Form 8-K

UNITED STATES

SECURITIES AND EXCHANGE COMMISSION

Washington, D.C. 20549

 


FORM 8-K

CURRENT REPORT

Pursuant to Section 13 or 15(d) of the

Securities Exchange Act of 1934

Date of Report (Date of earliest event reported): September 18, 2007

BRE PROPERTIES, INC.

(Exact name of registrant as specified in charter)

 

Maryland   001-14306   94-1722214

(State or other jurisdiction of

incorporation)

 

(Commission

File Number)

 

(I.R.S. Employer

Identification Number)

525 Market Street, 4th Floor, San Francisco, CA 94105-2712

(Address of principal executive offices) (Zip Code)

(415) 445-6530

(Registrant’s telephone number, including area code)

N/A

(Former name or former address, if changed since last report.)

Check the appropriate box below if the Form 8-K filing is intended to simultaneously satisfy the filing obligation of the registrant under any of the following provisions (see General Instruction A.2. below):

 

¨ Written communications pursuant to Rule 425 under the Securities Act (17 CFR 230.425)

 

¨ Soliciting material pursuant to Rule 14a-12 under the Exchange Act (17 CFR 240.14a-12)

 

¨ Pre-commencement communications pursuant to Rule 14d-2(b) under the Exchange Act (17 CFR 240.14d-2(b))

 

¨ Pre-commencement communications pursuant to Rule 13e-4(c) under the Exchange Act (17 CFR 240.13e-4(c))

 



ITEM 1.01. Entry Into a Material Definitive Agreement.

On September, 18 2007, we entered into an Amended and Restated Credit Agreement, by and among the company, the lenders party to the Amended and Restated Credit Agreement, Wachovia Capital Markets, LLC and RBS Securities Corporation, as joint lead arrangers and joint book managers, Wachovia Bank, National Association, as administrative agent, The Royal Bank of Scotland, plc, as syndication agent, and Bank of America, N.A., JPMorgan Chase Bank, N.A. and Deutsche Bank Securities, Inc., as co-documentation agents.

The Amended and Restated Credit Agreement increased the size of the revolving credit facility from $600 million to $750 million and extended the maturity date of the revolving credit facility from January 18, 2010 to September 18, 2012. In addition, the company has the ability from time to time to increase the size of the revolving credit facility by up to an additional $250 million, subject to receipt of lender commitments and other conditions precedent.
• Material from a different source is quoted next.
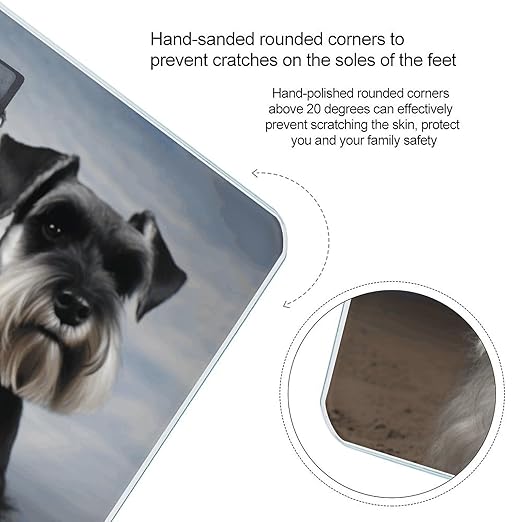 Animal Schnauzer Dog Bathroom Scale Large LCD Backlight Display Digital Scale Rounded Corners Body Scales Automatic Power On/Off Bathroom Scales for Home Bedrooms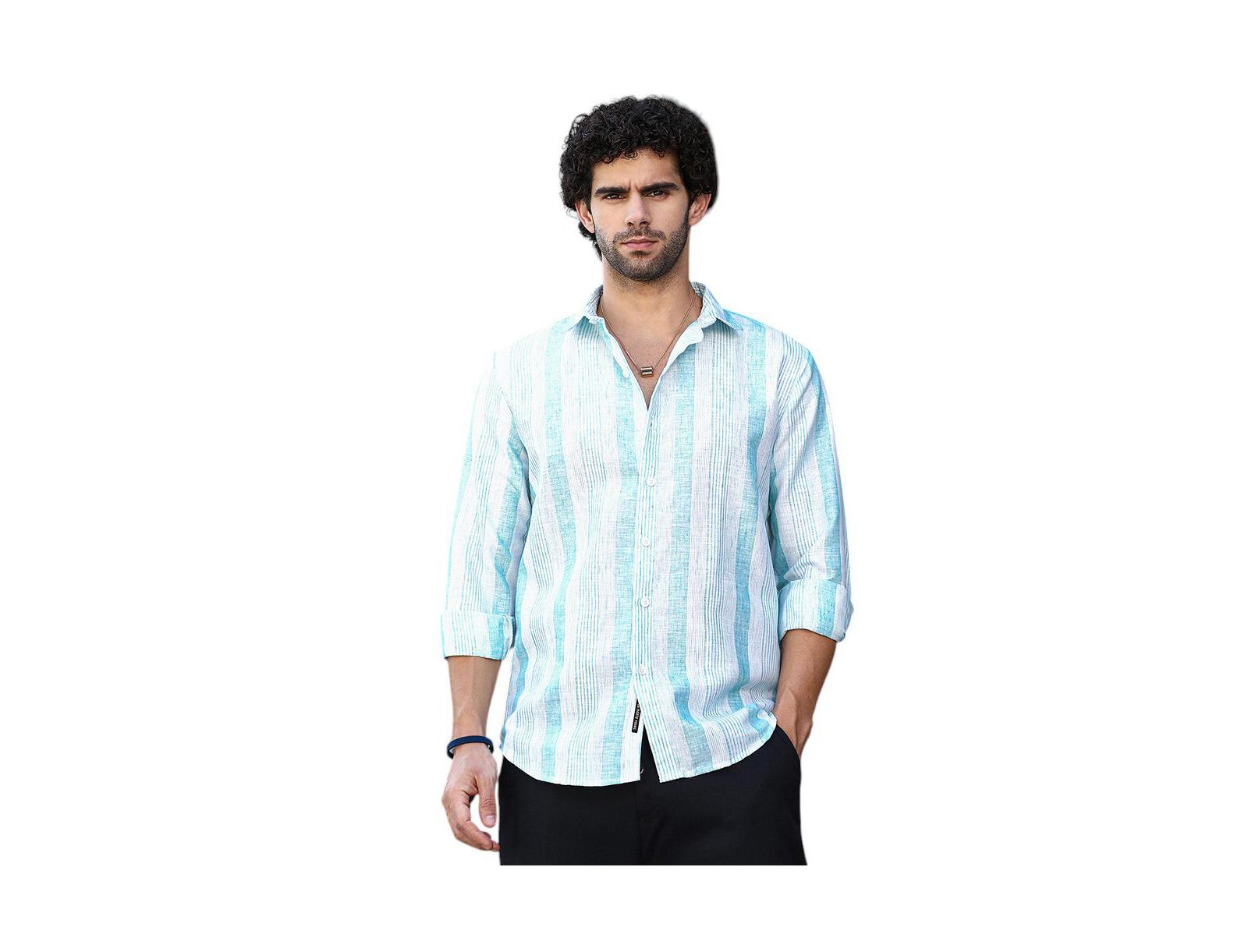 Мужская рубашка Campus Sutra Sky Blue Pincandy-Striped Regular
This description of the Amended and Restated Credit Agreement does not purport to be complete and is qualified in its entirety by reference to the Amended and Restated Credit Agreement, which has been filed as exhibit 10.1 to this report and is incorporated by reference in this report.


ITEM 9.01. Financial Statements and Exhibits.

(d) Exhibits.

 

Exhibit

Number

  

Description

10.1    Amended and Restated Credit Agreement by and among BRE Properties, Inc., as borrower, the lenders party thereto and each of Wachovia Capital Markets, LLC and RBS Securities Corporation, as joint lead arrangers and joint book managers, Wachovia Bank, National Association, as administrative agent, The Royal Bank of Scotland, plc, as syndication agent, and Bank of America, N.A., JPMorgan Chase Bank, N.A. and Deutsche Bank Securities, Inc., as co-documentation agents, entered into as of September 18, 2007.


SIGNATURES

Pursuant to the requirements of the Securities Exchange Act of 1934, the registrant has duly caused this report to be signed on its behalf by the undersigned hereunto duly authorized.

Date: September 20, 2007

 

BRE PROPERTIES, INC.

(Registrant)

By:   /s/ Kerry Fanwick
  Kerry Fanwick, Esq.
  Senior Vice President, General Counsel and Secretary


EXHIBIT INDEX

 

Exhibit
Number
  

Description

10.1    Amended and Restated Credit Agreement by and among BRE Properties, Inc., as borrower, the lenders party thereto and each of Wachovia Capital Markets, LLC and RBS Securities Corporation, as joint lead arrangers and joint book managers, Wachovia Bank, National Association, as administrative agent, The Royal Bank of Scotland, plc, as syndication agent, and Bank of America, N.A., JPMorgan Chase Bank, N.A. and Deutsche Bank Securities, Inc., as co-documentation agents, entered into as of September 18, 2007.